━━━ Material for the task

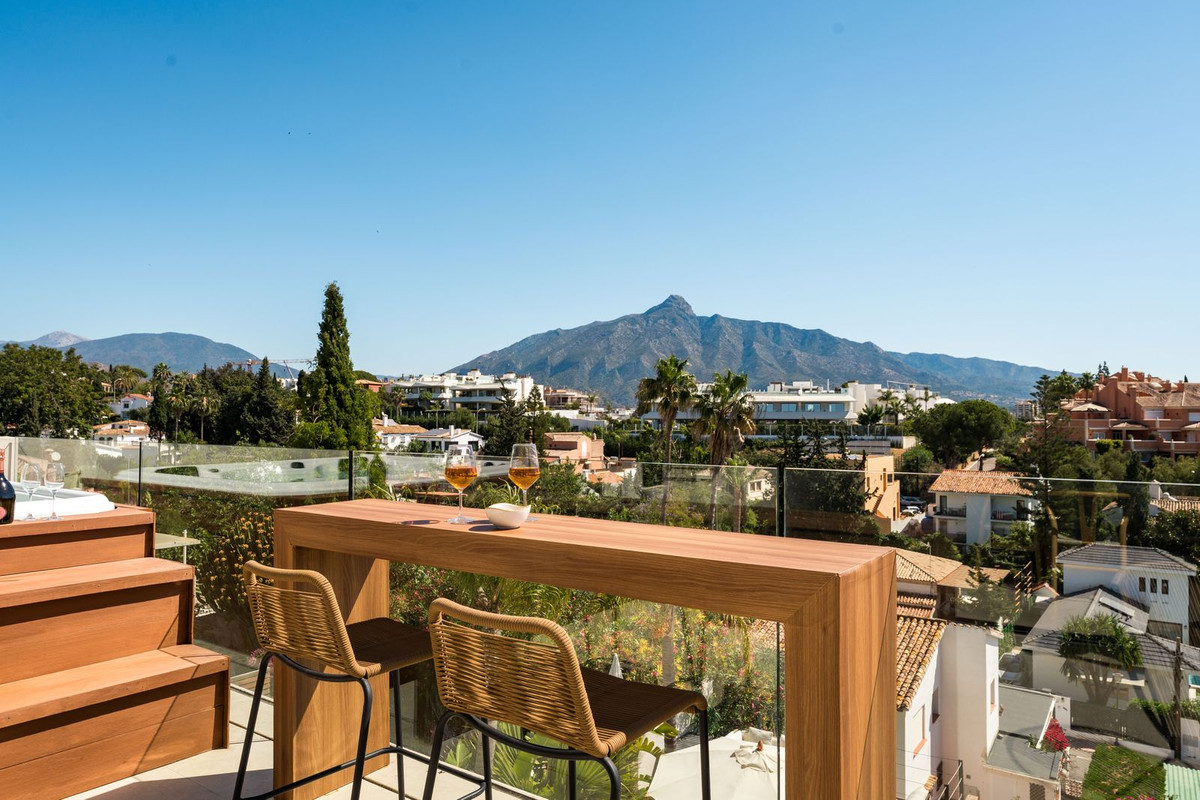 Huis te koop in Nueva Andalucía | 5 slaapkamers H5430487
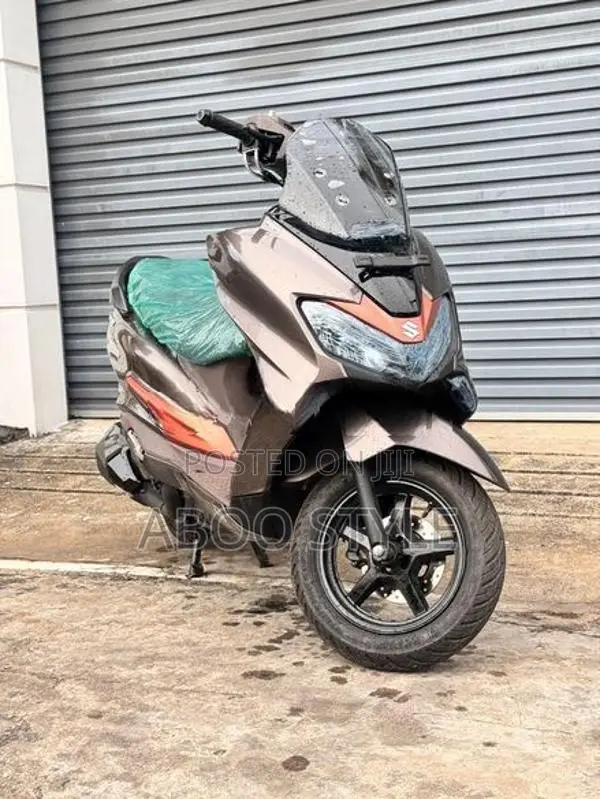 Suzuki Burgman 125 2026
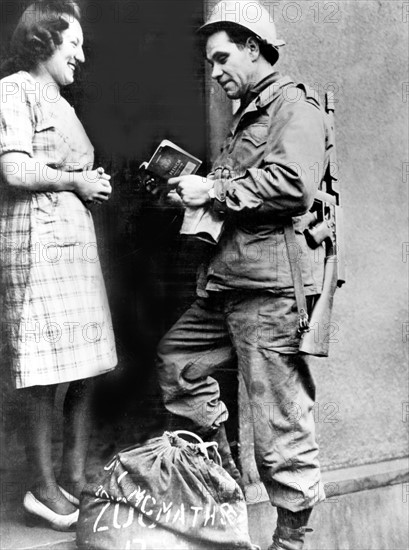 Un sergent de l'US Army essaie de converser en français. 
(Automne 1944)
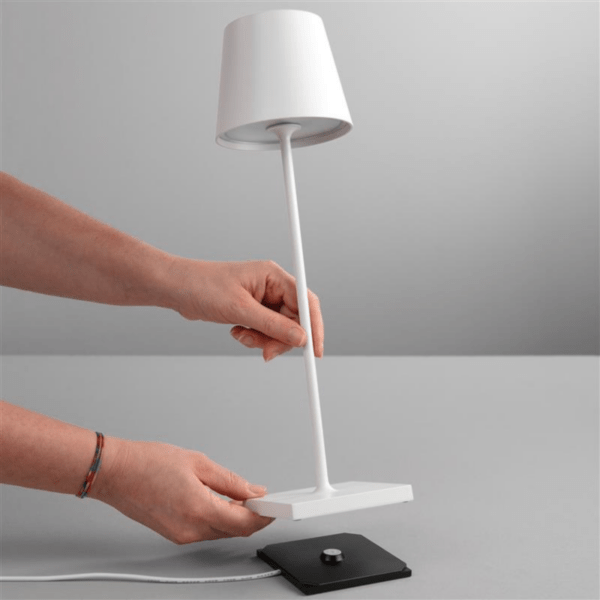 Lampe LED rechargeable DRINK en métal blanc avec variateur de lumière chaude – Image 4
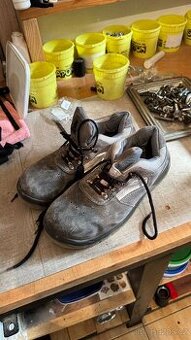 Pracovní boty dog. Vel 41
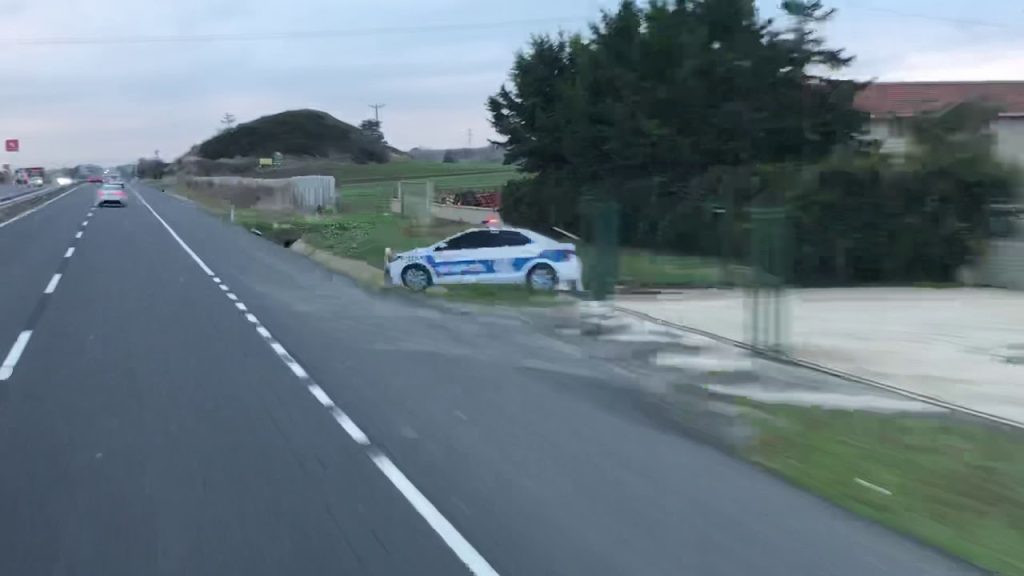 Τουρκία: Έφτιαξαν χάρτινα περιπολικά για να μειώσουν τα ατυχήματα (φώτο)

━━━━━━

* [Exercise description] Write out exactly, please, the lines that start at the one containing "Suzuki Burgman 125 2026" and run through the final line of the entries, both included, leaving pictures out.

* [Written answer]
 Suzuki Burgman 125 2026
 Un sergent de l'US Army essaie de converser en français. 
(Automne 1944)
 Lampe LED rechargeable DRINK en métal blanc avec variateur de lumière chaude – Image 4
 Pracovní boty dog. Vel 41
 Τουρκία: Έφτιαξαν χάρτινα περιπολικά για να μειώσουν τα ατυχήματα (φώτο)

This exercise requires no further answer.